Strategic Advisory in Payments
& Payments Technology

The Next Tech Disruptor in SME Optimization and Operability

Consolidation and integration of efficient back office technologies and business processes is well on its way towards irrevocably changing the way small and medium- sized enterprises (SMEs) conduct their day-to-day operations. Much of what I’ve witnessed over the past five years has been a massive tech-amalgamation of value added software solutions to assist businesses with payments, CRM, marketing, rewards programs, couponing, payroll, inventory, POS, booking, reservations, ordering, delivery logistics, consumer financing at the register, invoicing, billing, and a myriad of other business management needs. The end game, one could argue – and I will– being less of a tech-amalgamation, and more of a single, seamless, fully-integrated end-to-end business management solution, where all software applications talk freely to one another, and “melts” into a virtual COO/attendant operations team. Existing platforms will become more efficient and incorporate more numerous and more robust feature sets. Such is the natural evolution of the current SME software technology surge.

As an owner/operator myself, especially one who advises companies in integrated payments and SaaS, and someone who understands industry technology trends now, I can’t afford to become complacent and not ask, “what’s next”? More specifically, what will be the next game changer in the evolution of SME technology? What will be the next disruptive technology to enter the arena – the technology that will set apart the next generation of cutting-edge software platforms from the rest of the “optimize the existing technologies” herd?

Some musings on the future…

I’ve thought quite a bit about crypto. But in the context of SME business management technologies, crypto strikes me as less of a SME management software innovation, and more of a monetary innovation. Don’t get me wrong, I’m an unapologetic crypto bull, but crypto currency adoption and usage will constitute a systemic, institutional change in the manner in which money is used and moved. The technology is already here, still evolving of course, but there is and will continue to be a bureaucratic overhang which retards its acceptance. To me, crypto isn’t going to be the next big SME software revolution, as it doesn’t fit into the traditional business management software mold, nor is its mainstream adoption is imminent.

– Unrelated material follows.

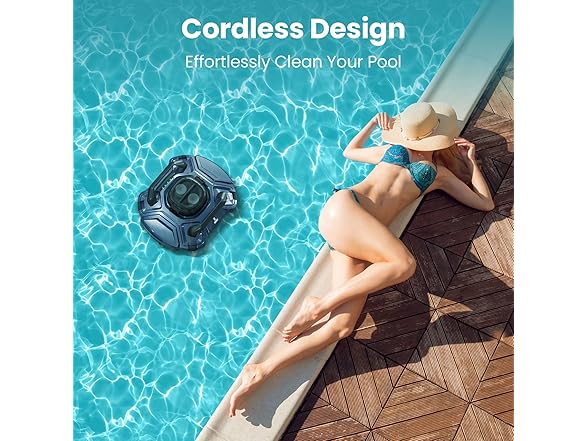 HICHEE Cordless Pool Vacuum Robot - Gallery 4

Next, I contemplated data science. I have no doubt that data science will play an important role in the future of SME business management, but there’s one sticking point which precludes it from being the next great thing – it’s already here! Small and medium-sized enterprises have been collecting and storing buyer data for years. And as I sit here writing this article, data mining techniques are working to provide business owners with insightful outputs about their customers, products, sales cycles, …you name it. Thus, the next game changer can’t be data science – we already have it.

So where did I land? Well, the image above is a bit of a giveaway, eh? But yes, I landed on narrow AI, in particular, task-specific machine learning. The thesis is pretty simple. The convergence (tech-amalgamation) of business management software solutions is heading toward seamless interoperability. Every SME will have one of these platforms. The platform, in turn, will initially collect and store prodigious amounts of consumer, industry, sales, inventory, logistical, pricing, product, (fill in the blank) data, and mine it for insights and analytics which can be shared with owner/operators. These insights will provide owners with extremely accurate, real-time information on both internal and external business trends.

…and then we make the leap.

The same data will be used by machine learning optimization algorithms to produce predictive outputs, and those predictive outputs will drive SMEs to never-before-seen levels of operational efficiency. Further, the predictive outputs will feed back into the business management software and execute optimization strategies accordingly. What’s plausibly in the cards here via narrow AI is that businesses, at least operationally, might effectively run themselves.

Takeaways…

If the prediction above comes true, one of the likely outcomes will be the otiosity of human involvement in business operations, with machine learning optimizing across-the-board operational efficiencies and growth initiatives. Additionally, with humans “freed” from the hours historically allocated to business operations, one could argue that the difference between future business “winners” and “losers” will no longer be their respective aptitudes for running their businesses efficiently or intelligently, but rather the distinctly human ability to enhance the quality, creativeness, and utility of the product or service they’re selling. Thus, the advent of narrow AI ought not to be just a SME technological revolution, but a historically significant paradigm shift in commerce, and a boon to the consumer by way of creating an effective “arms race” in the innovation of consumer goods and services.

Let the computers do what they do best, and let the humans do the same.